Traceback (most recent call last):
  File "/home/llama/opt/exllamav2/examples/chat.py", line 295, in <module>
    generator.begin_stream_ex(active_context, settings)
  File "/home/llama/.pyenv/versions/3.11.9/lib/python3.11/site-packages/exllamav2/generator/streaming.py", line 363, in begin_stream_ex
    self._gen_begin_reuse(input_ids, gen_settings)
  File "/home/llama/.pyenv/versions/3.11.9/lib/python3.11/site-packages/exllamav2/generator/streaming.py", line 731, in _gen_begin_reuse
    self._gen_begin(in_tokens, gen_settings)
  File "/home/llama/.pyenv/versions/3.11.9/lib/python3.11/site-packages/exllamav2/generator/streaming.py", line 692, in _gen_begin
    self.model.forward(self.sequence_ids[:, :-1],
  File "/home/llama/.pyenv/versions/3.11.9/lib/python3.11/site-packages/torch/utils/_contextlib.py", line 115, in decorate_context
    return func(*args, **kwargs)
           ^^^^^^^^^^^^^^^^^^^^^
  File "/home/llama/.pyenv/versions/3.11.9/lib/python3.11/site-packages/exllamav2/model.py", line 868, in forward
    r = self.forward_chunk(
        ^^^^^^^^^^^^^^^^^^^
  File "/home/llama/.pyenv/versions/3.11.9/lib/python3.11/site-packages/torch/utils/_contextlib.py", line 115, in decorate_context
    return func(*args, **kwargs)
           ^^^^^^^^^^^^^^^^^^^^^
  File "/home/llama/.pyenv/versions/3.11.9/lib/python3.11/site-packages/exllamav2/model.py", line 976, in forward_chunk
    x = module.forward(x, cache = cache, attn_params = attn_params, past_len = past_len, loras = loras, **kwargs)
        ^^^^^^^^^^^^^^^^^^^^^^^^^^^^^^^^^^^^^^^^^^^^^^^^^^^^^^^^^^^^^^^^^^^^^^^^^^^^^^^^^^^^^^^^^^^^^^^^^^^^^^^^^
  File "/home/llama/.pyenv/versions/3.11.9/lib/python3.11/site-packages/exllamav2/attn.py", line 972, in forward
    return self.forward_tp(
           ^^^^^^^^^^^^^^^^
  File "/home/llama/.pyenv/versions/3.11.9/lib/python3.11/site-packages/exllamav2/attn.py", line 1143, in forward_tp
    ext_c.tp_attn_forward_(
ModuleNotFoundError: No module named 'flash_attn_2_cuda'
turboderp commented 2 weeks ago

Oh, right, I guess this wasn't really communicated anywhere, I apologize for that.

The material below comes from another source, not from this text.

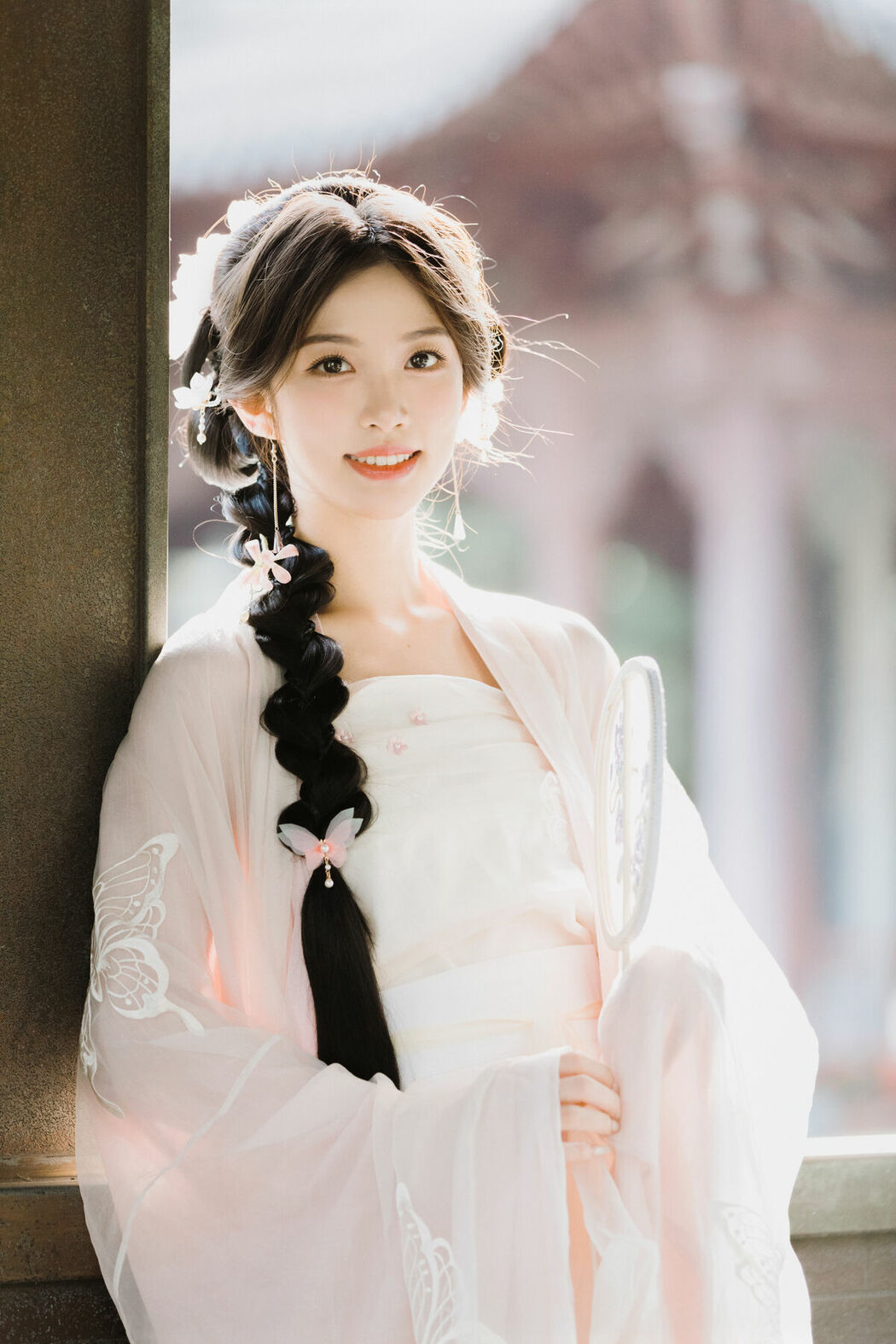 YiTuYu艺图语 Vol.10379 Wu Yi Fei (22P)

But the TP feature currently requires flash attn. :/

It's still a little experimental and unfinished, and I'll probably add SDPA support sometime soon, though it still won't work with the dynamic generator.

turboderp commented 2 weeks ago

Right, I've pushed an update to the dev branch that should allow inference with TP mode even when flash-attn isn't available. It uses a slower code path for now so it's hard to say if you'll see any speedup. Torch SDPA is very limited (it's not just paged attn that's missing but also GQA support) but I'll see about further improving performance down the line.

dirkson commented 2 weeks ago

No speedup, but it does function!

Running the following command on a 8x P100 machine: python test_inference.py -m /home/llama/mod/exl2/magnum-v2-123b-exl2/ -nfa -p "Once upon a time," -gs auto

With -tp: -- Response generated in 55.37 seconds, 128 tokens, 2.31 tokens/second (includes prompt eval.) Without -tp: -- Response generated in 23.33 seconds, 128 tokens, 5.49 tokens/second (includes prompt eval.) With -nxf: -- Response generated in 23.25 seconds, 128 tokens, 5.50 tokens/second (includes prompt eval.)

For comparison, on my hardware, I'm used to getting around 8-10 tokens/second with a similar model in GPTQ running on whatever aphrodite engine uses for tensor parallelism.

I thought specifying -nxf might prompt exllamav2 to use sdpa, and thus help prove whether it was the lack of GQA support that hurt performance so much, but it didn't actually seem to affect performance at all.